Pennylane Multi-gpu/multi-node vs Qiskit AER GPU setup

Qiskit AER GPU setup is much simpler than Pennylane GPU on Nersc Perlmutter machines.
I just installed one package and Qiskit AER multi-gpu works without any additional setup.
Where as pennylane needs - Distributing quantum simulations using lightning.gpu with NVIDIA cuQuantum | PennyLane Blog

Any idea how this can be simplied in pennylane, or is it already addressed in future releases?

Hi @QuantumMan

Thanks for your feedback. I do understand that setting up HPC environment software packages is frustrating, though we aim to make this as painless as possible. Just a note, the official LightningGPU documentation and installation instructions for MPI can be found at Lightning-GPU installation — Lightning 0.34.0 documentation
The original LightningGPU repository was fully migrated into the GitHub - PennyLaneAI/pennylane-lightning: The PennyLane-Lightning plugin provides a fast state-vector simulator written in C++ for use with PennyLane as of the v0.33 release, so all packages and instructions are now housed there. We have decided to fully archive that site, so you should see a warning and read-only marking now when visiting GitHub - PennyLaneAI/pennylane-lightning-gpu: GPU enabled Lightning simulator for accelerated circuit simulation. See https://github.com/PennyLaneAI/pennylane-lightning for all future development of this project. so thanks for prompting us to do this.

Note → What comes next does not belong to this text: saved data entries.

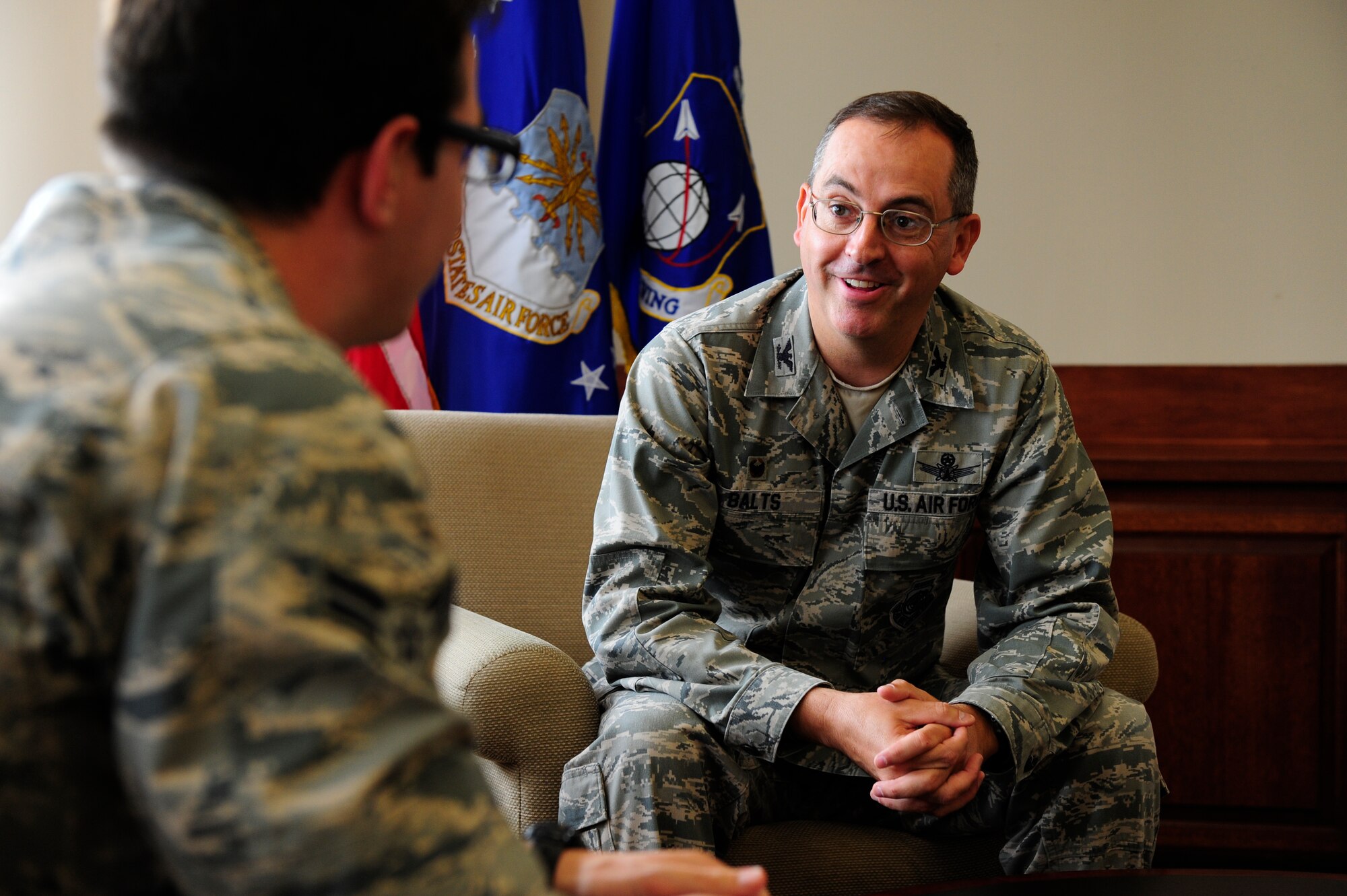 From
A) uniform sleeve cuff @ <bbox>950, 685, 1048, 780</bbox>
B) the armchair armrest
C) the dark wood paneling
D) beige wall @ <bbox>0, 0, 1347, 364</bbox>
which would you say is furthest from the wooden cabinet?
the armchair armrest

Note that Perlmutter very recently updated their default system environment and toolkits, so if you are using the older cached install instructions from your other forum post, they may not explicitly work. We are migrating LightningGPU right now to work with natively with CUDA 12, but for an active Perlmutter CUDA 11 environment you should be able to get a working version by ensuring the available libraries and toolkits are not defaulting to CUDA 12 variants.

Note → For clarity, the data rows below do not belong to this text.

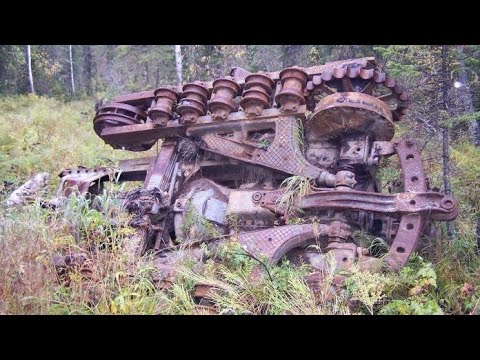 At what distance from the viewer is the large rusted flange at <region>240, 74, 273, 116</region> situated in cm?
609

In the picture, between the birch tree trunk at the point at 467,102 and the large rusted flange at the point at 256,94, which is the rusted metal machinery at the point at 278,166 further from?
the birch tree trunk at the point at 467,102

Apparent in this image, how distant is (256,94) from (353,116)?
1.26 meters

Additionally, the Qiskit AER GPU support you reference is not using NVIDIA’s cuQuantum libraries, and builds the Qiskit-provided CUDA kernels with the CUDA version available. Given the backend observable and measurement process supports we added through LightningGPU and cuQuantum, I also expect a different feature set and performance between both packages.

Unfortunately, as requested in your other post, we don’t have the availability to validate Perlmutter’s latest changes right at this moment, but will be happy to provide input if you run into difficulty.

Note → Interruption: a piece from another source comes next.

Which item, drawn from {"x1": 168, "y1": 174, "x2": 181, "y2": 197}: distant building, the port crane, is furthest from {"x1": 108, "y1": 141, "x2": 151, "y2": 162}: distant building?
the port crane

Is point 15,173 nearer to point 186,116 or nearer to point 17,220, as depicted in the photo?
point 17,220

Thank you for the response and detailed information and I will try the 0.34.0v. One feedback about the usability of multi-GPU/multi-node GPUs is probably to have two variants, where users can build if they want to use the advanced features/performance improvements for real-world low latency cases, might make sense to use Nvidia CUQuantum. But users who are ok with using multi-gpu but not so sensitive to performance - should have the flexibility to install things easily and move on (just like qiskit cuda kernels with cuda version available.) I wonder if this would be a problem again with the new version of cuda whenever that happens.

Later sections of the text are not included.